ECLI:NL:CRVB:2023:1166
Centrale Raad van Beroep
- Hoger beroep
- Rechtspraak.nl
Hoger beroep over de ontvankelijkheid van een AOW-pensioen aanvraag
In deze zaak gaat het om de hoogte van het voorlopig aan appellant toegekende AOW-pensioen. Appellant heeft met ingang van 1 mei 2020 een voorlopig ouderdomspensioen van 12% van het volledige pensioen toegekend gekregen. De Sociale Verzekeringsbank (Svb) heeft appellant niet verzekerd geacht voor bepaalde periodes, wat heeft geleid tot een bezwaar en een daaropvolgend beroep bij de rechtbank.
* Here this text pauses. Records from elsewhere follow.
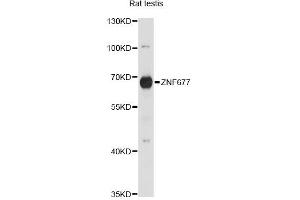 Western blot analysis of extracts of rat testis, using ZNF677 antibody. (ZNF677 抗体)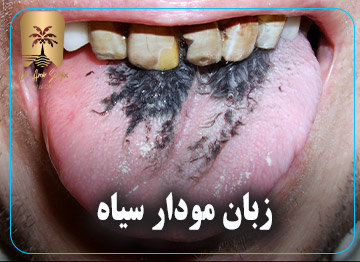 زبان مودار سیاه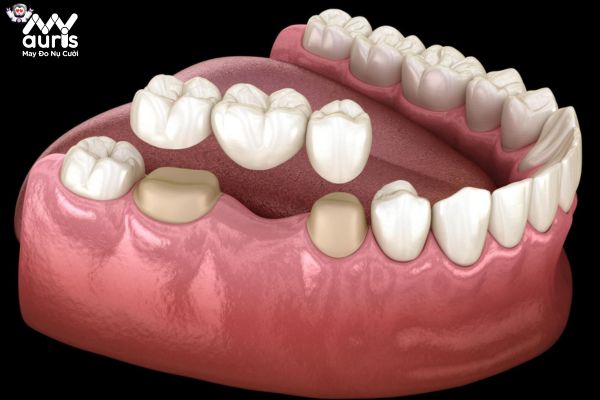 Bắc cầu răng sứ - Kỹ thuật điều trị an toàn 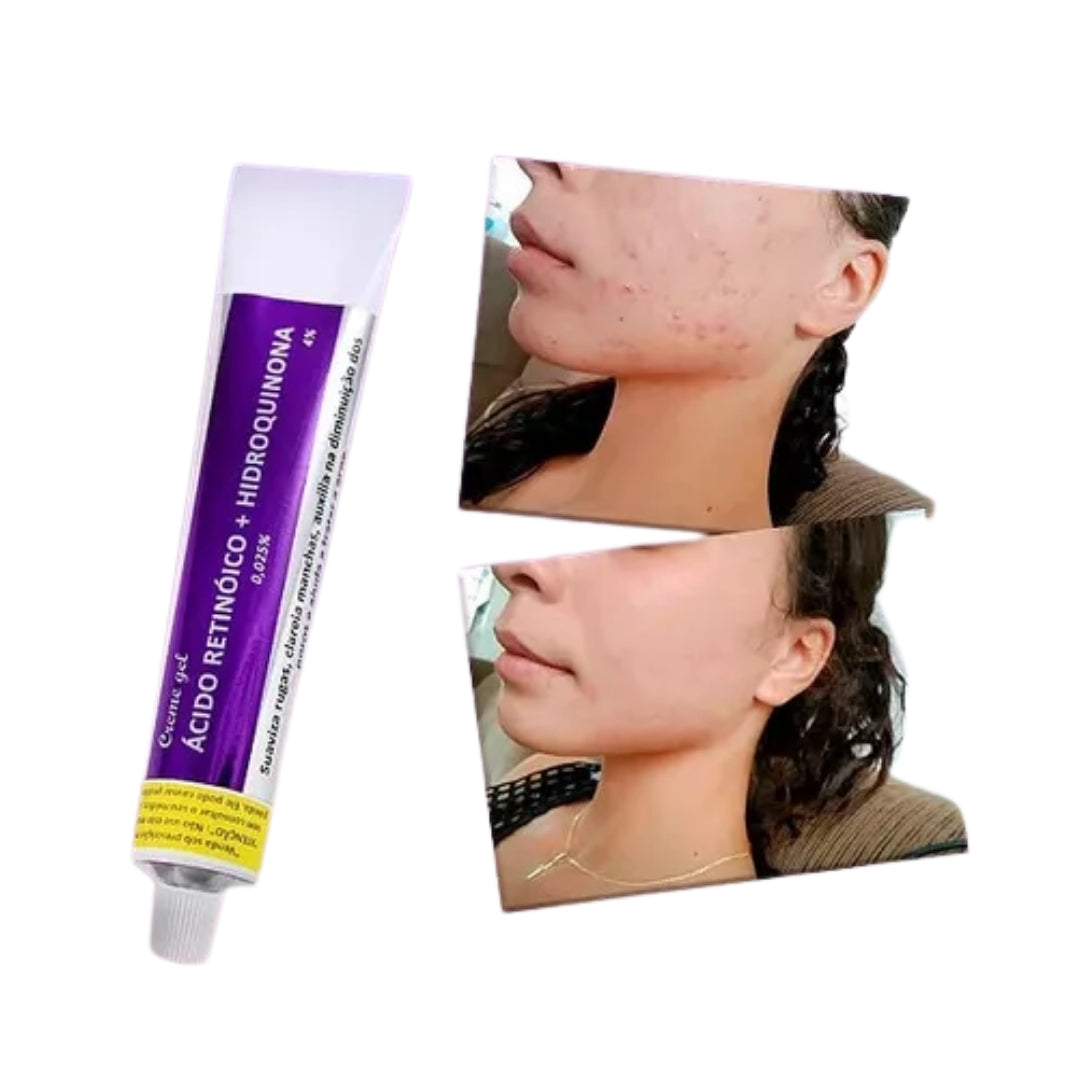 Melasma Lightening Facial Peeling Retinoic Acid + Hydroquinone Gel 30g Belladona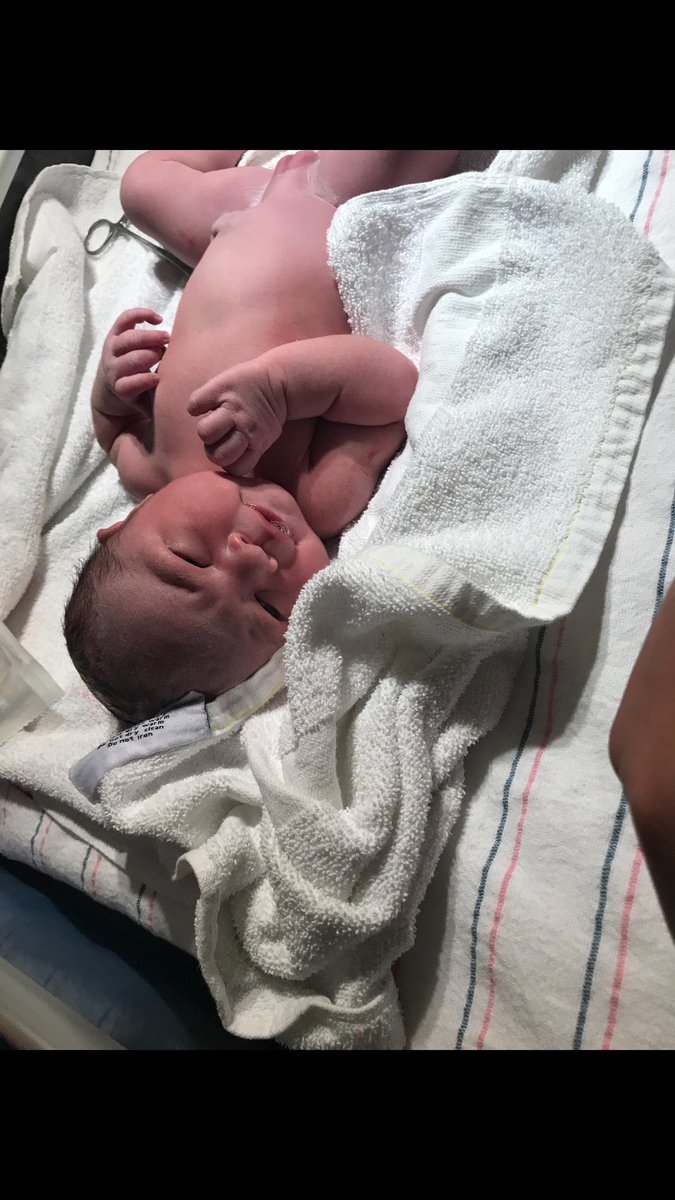 jairaaaaw's tweet photo. Well worth the pain. I LOVE YOU MY BABY😘💕 02.24.19 https://t.co/7KYhSEDzYR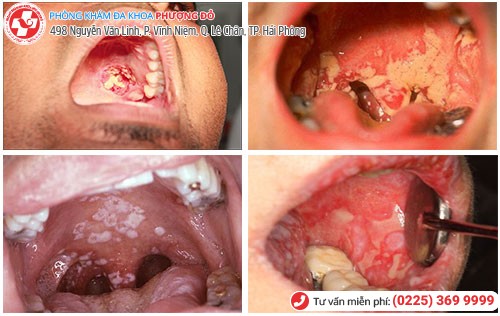 Triệu chứng bệnh lậu ở cổ họng 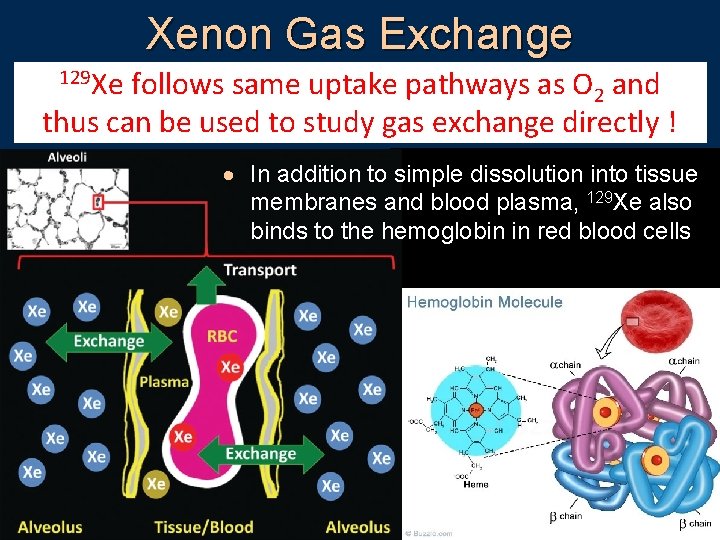 Xenon Gas Exchange 129 Xe 3 He remains confined to the lung airspaces, follows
De rechtbank heeft het beroep ongegrond verklaard, waarna appellant hoger beroep heeft ingesteld. Tijdens de behandeling van de zaak is gebleken dat het ouderdomspensioen inmiddels definitief is toegekend, waardoor de Centrale Raad van Beroep zich de vraag stelde of appellant nog procesbelang had bij het hoger beroep. De Raad oordeelt dat appellant geen procesbelang heeft, omdat de definitieve toekenning van het pensioen de kwestie van het voorlopige pensioen irrelevant maakt. Hierdoor verklaart de Raad het hoger beroep niet-ontvankelijk, wat betekent dat er geen inhoudelijke beoordeling van de zaak plaatsvindt. Appellant krijgt geen vergoeding voor proceskosten en het betaalde griffierecht wordt niet teruggegeven.